If there was one word Yellen emphasized yesterday it was caution. The dot plot reflected that as well. Can one ask if the Fed is being too cautious?
Yellen acknowledged that the Fed’s assessment of the US economy had not changed much from December. There is little reason it should. However, it is difficult to reconcile that with the substantial change in the forward guidance, and the halving of the rates hikes that are deemed appropriate this year.
The US labor market continues to heal. It is not just that the jobs creation remains strong and that the unemployment rate is below 5%, but the underemployment measure (U-6) made new cyclical low last month at 9.7%. The four-week moving average of weekly jobless claims stands at 268k. In this cycle, it has rarely been lower.
The labor market is critical for the Fed’s leadership. It is not only a mandate, but it is the key to the Fed’s leadership understanding of inflation. Headline inflation moves to core and core is driven by wages.
Core price pressures have risen. Despite the dollar’s rise, which in broad trade-weighted terms peaked in mid-January, and the drop in energy prices, core CPI, and the core PCE deflator rose steadily last year. Yesterday, February CPI was released. The core measure rose 2.3% year-over-year. That is its fastest pace in nearly four years. The core PCE deflator lags behind the core CPI due to methodological and composition reasons. However, it was at 1.7% in January.
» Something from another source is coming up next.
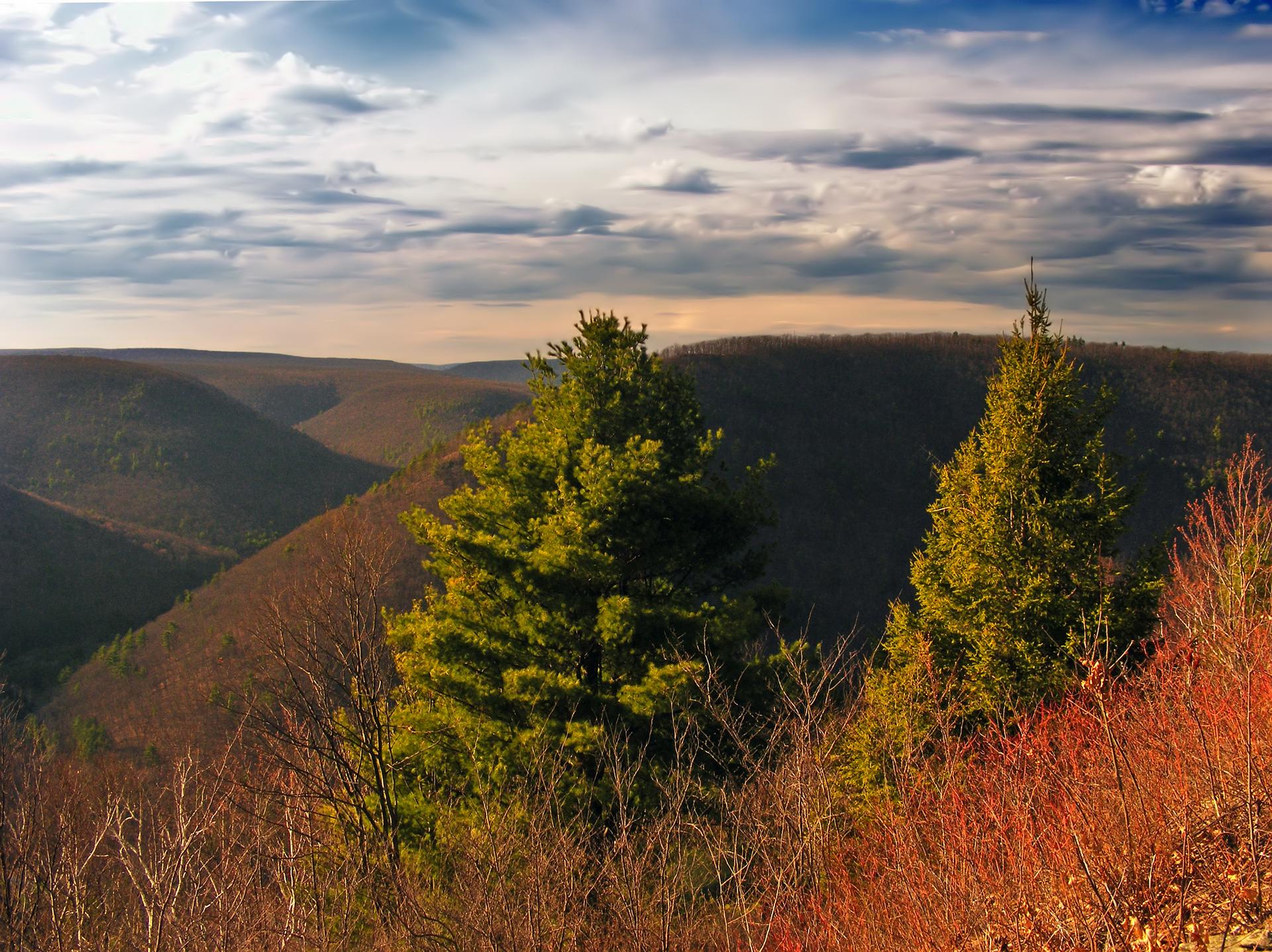 Evergreen trees overlook a vast forested valley under a dramatic cloudy sky.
This is just above the 2014 peak at which time the Fed cautioned that inflation bump was transitory (which it was as the core PCE slipped back toward 1.2% in the middle of last year.
Inflation expectations have also risen markedly. The five-year breakeven rose from about 95 bp on February 9 to 1.51% today, which is the highest since last July. The 10-year breakeven has risen from 1.2% on February 10 to 1.63% today, a new four-month high.